Today, Silverthorne and Menlow are taking their final shape with the introduction of the Intel Atom processor and the Centrino Atom mobile computing brand. Thanks to an all-new CPU microarchitecture and companion core-logic chip, Intel is pushing x86-compatible computing into new frontiers. To better understand how they did it, we recently visited the Austin, Texas offices of the Silverthorne design team and spoke with several of the chips’ architects. Read on for an extensive overview of this new CPU and its related technology.
Thinking smallbut not too small
One of the keys to understanding Silverthorne is understanding its place in the world. Intel designed Silverthorne to fit into thermal and physical footprints that none of its current processors could. In its initial incarnation, Silverthorne will consume between half a watt and two-and-a-half watts, much less than most x86-compatible processors. (The closest x86 competitor, VIA’s Isaiah, will start at 3W and go up from there.) That power profile lets Silverthorne play in a number of different types of devices, including handheld GPS navigational devices and portable video players. Accordingly, Intel points to ARM processors as Silverthorne’s primary competition.
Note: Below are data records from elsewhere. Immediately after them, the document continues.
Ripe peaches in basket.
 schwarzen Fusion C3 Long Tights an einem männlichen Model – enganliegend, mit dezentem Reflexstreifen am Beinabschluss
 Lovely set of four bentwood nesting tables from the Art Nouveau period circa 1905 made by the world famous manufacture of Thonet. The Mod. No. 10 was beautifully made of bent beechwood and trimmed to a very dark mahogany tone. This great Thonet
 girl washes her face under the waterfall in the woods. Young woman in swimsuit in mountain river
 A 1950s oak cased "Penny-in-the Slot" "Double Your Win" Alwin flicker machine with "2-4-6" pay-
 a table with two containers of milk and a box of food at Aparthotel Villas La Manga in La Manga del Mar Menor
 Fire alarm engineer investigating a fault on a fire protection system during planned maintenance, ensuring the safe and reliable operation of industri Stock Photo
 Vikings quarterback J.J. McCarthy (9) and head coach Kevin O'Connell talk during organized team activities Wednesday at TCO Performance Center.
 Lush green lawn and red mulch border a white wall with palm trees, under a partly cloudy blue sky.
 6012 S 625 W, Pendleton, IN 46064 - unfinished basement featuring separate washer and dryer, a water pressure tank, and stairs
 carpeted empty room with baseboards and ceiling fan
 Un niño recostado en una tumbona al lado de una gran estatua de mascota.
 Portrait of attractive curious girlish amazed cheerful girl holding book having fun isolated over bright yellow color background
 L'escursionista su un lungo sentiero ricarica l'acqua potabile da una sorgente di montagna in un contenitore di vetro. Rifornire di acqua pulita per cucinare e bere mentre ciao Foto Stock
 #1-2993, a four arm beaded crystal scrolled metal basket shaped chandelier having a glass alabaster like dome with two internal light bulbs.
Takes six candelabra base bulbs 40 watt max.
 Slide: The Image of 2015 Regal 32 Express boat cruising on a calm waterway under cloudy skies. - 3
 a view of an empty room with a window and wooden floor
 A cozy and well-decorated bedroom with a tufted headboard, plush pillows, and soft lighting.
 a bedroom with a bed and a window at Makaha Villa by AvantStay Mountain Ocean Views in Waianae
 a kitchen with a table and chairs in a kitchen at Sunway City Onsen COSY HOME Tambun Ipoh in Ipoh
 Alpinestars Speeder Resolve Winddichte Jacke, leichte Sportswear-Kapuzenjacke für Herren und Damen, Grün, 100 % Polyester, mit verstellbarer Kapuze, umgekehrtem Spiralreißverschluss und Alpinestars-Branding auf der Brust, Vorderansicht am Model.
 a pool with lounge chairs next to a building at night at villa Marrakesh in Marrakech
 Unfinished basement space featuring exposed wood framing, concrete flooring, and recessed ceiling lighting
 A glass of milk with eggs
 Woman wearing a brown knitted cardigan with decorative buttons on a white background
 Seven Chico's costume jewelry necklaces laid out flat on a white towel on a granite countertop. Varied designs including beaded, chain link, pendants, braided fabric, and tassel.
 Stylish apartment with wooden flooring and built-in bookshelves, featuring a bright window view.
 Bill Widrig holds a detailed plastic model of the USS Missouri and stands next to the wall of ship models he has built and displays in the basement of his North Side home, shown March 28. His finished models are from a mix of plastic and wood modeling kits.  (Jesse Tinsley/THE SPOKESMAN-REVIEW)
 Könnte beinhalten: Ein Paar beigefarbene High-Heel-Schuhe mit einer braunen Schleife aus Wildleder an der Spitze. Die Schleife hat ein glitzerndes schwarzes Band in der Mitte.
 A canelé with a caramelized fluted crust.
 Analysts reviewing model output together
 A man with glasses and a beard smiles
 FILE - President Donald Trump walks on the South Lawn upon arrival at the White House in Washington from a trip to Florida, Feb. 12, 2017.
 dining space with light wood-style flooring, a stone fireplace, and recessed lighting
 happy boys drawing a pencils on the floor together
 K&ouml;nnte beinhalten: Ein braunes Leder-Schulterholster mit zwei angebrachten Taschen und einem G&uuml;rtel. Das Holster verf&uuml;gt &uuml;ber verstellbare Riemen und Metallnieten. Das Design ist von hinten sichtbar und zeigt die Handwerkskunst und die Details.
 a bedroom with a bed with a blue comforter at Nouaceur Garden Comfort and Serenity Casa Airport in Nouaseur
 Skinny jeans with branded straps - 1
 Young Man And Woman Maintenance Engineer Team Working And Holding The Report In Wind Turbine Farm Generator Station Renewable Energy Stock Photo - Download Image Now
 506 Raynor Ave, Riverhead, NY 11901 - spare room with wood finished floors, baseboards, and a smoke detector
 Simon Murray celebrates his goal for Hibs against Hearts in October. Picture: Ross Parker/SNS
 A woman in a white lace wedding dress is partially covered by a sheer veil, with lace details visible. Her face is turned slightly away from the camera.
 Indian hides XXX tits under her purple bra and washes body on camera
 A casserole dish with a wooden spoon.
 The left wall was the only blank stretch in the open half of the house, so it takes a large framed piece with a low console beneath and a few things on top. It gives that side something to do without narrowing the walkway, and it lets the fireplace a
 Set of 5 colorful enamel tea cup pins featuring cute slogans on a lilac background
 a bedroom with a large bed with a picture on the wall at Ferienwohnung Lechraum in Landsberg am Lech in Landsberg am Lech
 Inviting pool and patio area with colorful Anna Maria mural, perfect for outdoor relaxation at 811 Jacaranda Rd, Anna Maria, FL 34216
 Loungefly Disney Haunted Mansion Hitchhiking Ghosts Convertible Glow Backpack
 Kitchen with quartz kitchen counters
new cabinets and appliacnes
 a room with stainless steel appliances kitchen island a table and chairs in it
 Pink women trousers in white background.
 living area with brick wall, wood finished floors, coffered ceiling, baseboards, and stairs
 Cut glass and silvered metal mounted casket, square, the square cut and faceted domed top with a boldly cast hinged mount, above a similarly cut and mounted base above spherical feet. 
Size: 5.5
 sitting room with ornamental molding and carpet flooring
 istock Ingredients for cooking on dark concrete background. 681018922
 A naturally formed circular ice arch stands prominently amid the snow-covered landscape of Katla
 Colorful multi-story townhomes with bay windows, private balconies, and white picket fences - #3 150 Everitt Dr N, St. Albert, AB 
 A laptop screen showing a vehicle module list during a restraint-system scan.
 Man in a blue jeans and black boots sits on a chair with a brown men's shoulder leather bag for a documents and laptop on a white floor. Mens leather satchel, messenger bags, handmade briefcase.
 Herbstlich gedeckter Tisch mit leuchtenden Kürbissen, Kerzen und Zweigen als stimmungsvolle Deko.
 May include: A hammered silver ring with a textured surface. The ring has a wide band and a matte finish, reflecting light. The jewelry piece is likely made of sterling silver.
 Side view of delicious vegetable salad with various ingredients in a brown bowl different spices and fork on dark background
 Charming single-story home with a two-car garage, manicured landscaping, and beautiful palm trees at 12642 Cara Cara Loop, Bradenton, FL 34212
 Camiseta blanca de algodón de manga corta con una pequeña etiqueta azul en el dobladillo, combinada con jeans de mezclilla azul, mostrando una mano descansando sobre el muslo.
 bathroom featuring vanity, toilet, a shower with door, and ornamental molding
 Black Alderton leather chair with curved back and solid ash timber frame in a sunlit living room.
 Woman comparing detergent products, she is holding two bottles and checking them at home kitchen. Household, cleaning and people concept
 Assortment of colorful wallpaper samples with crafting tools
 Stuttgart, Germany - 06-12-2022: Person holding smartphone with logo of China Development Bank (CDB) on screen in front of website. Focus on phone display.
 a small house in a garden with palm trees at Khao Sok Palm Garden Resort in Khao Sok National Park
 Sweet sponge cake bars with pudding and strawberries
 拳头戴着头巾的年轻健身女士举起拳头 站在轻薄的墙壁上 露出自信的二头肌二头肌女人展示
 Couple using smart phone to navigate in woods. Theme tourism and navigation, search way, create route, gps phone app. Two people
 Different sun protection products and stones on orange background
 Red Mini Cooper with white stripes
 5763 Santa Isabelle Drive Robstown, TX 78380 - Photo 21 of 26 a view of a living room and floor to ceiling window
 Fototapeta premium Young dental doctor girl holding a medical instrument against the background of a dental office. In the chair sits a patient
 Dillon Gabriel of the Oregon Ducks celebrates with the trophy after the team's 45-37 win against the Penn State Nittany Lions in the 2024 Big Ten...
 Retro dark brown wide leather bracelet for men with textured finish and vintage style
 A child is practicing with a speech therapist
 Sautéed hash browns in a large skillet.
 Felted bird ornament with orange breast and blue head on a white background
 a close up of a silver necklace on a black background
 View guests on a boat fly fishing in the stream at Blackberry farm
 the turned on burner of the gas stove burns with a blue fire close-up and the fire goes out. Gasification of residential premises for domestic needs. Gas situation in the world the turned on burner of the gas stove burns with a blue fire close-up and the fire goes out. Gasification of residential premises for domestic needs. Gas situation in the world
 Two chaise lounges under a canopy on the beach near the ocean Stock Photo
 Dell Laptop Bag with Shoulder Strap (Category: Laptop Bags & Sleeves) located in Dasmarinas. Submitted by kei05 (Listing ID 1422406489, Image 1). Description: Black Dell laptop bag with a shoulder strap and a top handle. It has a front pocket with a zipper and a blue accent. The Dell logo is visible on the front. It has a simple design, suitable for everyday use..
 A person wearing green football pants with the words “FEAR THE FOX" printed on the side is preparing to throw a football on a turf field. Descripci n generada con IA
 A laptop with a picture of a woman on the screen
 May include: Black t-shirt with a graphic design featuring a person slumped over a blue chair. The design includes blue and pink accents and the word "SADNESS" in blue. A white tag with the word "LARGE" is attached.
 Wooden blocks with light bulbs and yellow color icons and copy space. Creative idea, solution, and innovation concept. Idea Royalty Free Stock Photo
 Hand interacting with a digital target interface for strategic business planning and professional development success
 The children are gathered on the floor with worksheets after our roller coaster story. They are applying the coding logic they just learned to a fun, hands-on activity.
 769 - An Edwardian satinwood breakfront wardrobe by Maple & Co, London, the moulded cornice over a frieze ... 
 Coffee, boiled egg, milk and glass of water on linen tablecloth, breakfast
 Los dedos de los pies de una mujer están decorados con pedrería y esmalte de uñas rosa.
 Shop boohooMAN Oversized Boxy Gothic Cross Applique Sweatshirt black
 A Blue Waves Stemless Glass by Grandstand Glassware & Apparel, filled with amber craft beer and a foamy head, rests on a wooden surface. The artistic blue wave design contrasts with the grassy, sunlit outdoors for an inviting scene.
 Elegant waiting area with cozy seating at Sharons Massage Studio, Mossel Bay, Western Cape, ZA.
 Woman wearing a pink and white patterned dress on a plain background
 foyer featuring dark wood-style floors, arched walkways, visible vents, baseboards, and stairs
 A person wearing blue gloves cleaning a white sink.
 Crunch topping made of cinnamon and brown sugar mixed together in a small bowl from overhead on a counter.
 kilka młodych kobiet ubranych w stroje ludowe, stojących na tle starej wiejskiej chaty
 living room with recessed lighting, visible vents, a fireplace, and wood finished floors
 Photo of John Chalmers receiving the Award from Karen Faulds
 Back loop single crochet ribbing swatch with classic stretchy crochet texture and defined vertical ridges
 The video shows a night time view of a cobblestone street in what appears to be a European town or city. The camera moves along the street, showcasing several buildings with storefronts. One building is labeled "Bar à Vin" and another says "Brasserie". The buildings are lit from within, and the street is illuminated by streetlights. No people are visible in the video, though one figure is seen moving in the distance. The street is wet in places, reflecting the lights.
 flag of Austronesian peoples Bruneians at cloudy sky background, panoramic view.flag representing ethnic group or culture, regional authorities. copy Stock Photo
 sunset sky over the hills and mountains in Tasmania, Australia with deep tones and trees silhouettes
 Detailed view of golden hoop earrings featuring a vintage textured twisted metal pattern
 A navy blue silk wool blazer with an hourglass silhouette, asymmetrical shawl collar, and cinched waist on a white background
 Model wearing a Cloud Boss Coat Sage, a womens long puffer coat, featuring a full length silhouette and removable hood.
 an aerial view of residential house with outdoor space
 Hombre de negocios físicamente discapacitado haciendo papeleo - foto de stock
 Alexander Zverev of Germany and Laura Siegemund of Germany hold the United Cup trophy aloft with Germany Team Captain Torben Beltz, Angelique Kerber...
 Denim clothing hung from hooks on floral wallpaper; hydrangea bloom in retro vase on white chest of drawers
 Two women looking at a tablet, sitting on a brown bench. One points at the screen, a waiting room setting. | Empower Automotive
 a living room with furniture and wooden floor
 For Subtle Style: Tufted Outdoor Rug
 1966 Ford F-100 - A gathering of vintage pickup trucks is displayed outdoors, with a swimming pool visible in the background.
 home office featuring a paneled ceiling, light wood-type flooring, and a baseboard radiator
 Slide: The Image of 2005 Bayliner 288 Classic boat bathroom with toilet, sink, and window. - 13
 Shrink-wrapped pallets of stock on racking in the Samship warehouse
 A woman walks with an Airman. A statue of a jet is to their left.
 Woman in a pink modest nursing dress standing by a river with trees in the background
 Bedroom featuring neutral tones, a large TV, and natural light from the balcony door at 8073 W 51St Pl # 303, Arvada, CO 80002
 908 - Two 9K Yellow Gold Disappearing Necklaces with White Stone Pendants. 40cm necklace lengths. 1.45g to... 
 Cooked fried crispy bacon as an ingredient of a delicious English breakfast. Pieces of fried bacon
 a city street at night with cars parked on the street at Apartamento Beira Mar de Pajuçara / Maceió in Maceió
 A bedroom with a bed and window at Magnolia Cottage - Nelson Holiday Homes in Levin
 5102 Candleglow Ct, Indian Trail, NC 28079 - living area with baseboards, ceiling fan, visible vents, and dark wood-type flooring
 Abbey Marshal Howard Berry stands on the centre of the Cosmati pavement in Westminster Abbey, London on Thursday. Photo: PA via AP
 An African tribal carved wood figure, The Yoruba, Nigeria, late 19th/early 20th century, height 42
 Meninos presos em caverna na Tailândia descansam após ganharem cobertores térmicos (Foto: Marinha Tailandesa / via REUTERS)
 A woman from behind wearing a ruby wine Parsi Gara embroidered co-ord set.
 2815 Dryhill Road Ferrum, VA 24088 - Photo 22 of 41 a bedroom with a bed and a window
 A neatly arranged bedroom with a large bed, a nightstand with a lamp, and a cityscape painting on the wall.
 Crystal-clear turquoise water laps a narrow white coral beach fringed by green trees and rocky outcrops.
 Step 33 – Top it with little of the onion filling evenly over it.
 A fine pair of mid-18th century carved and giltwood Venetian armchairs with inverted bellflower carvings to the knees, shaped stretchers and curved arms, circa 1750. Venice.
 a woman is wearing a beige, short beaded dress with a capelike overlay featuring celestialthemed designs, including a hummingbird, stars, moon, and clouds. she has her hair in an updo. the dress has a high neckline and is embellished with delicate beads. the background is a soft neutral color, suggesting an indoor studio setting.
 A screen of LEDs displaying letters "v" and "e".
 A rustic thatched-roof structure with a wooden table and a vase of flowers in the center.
However, Silverthorne’s ability to fit into the smallest handheld devices, like smart phones, will be constrained in this first generation by the size and power consumption of its associated core-logic chip. Poulsbo was created to provide a fairly robust PC-style feature set for Ultra Mobile PCs and the like, with all of the necessary PC I/O interfaces and relatively powerful integrated graphics. The market failure of UMPCs and the triumph of the iPhone make Poulsbo’s targets look like something of a miscalculation now. But Intel paints the Menlow platform as part of a planned progression to deliver PC compatibility and power into ever-smaller form factors over time. The next step in the process will be the product code-named Moorestown, due in the 2009-2010 time frame, that will incorporate a Silverthorne CPU core into a system-on-a-chip design that’s better suited for smart phones.
In the interim, Intel will play to Silverthorne’s strengths by aiming it at slightly larger devices in established product categories and by continuing to push for development of what it now calls mobile Internet devices, or MIDs. Chief among those strengths is Silverthorne’s compatibility with Intel’s other x86 processors, which Intel equates not just with PC compatibility but Internet compatibility, as well. The firm sees substantial opportunity for Silverthorne to win a place in the tens of millions of handheld GPS receivers, video and DVD players, and game machines that ship each year by endowing them with a standard instruction set. When combined with Wi-Fi connectivity, any such device could double as a capable web client and extend its functionality by grabbing data from the Internet for mash-ups and the like.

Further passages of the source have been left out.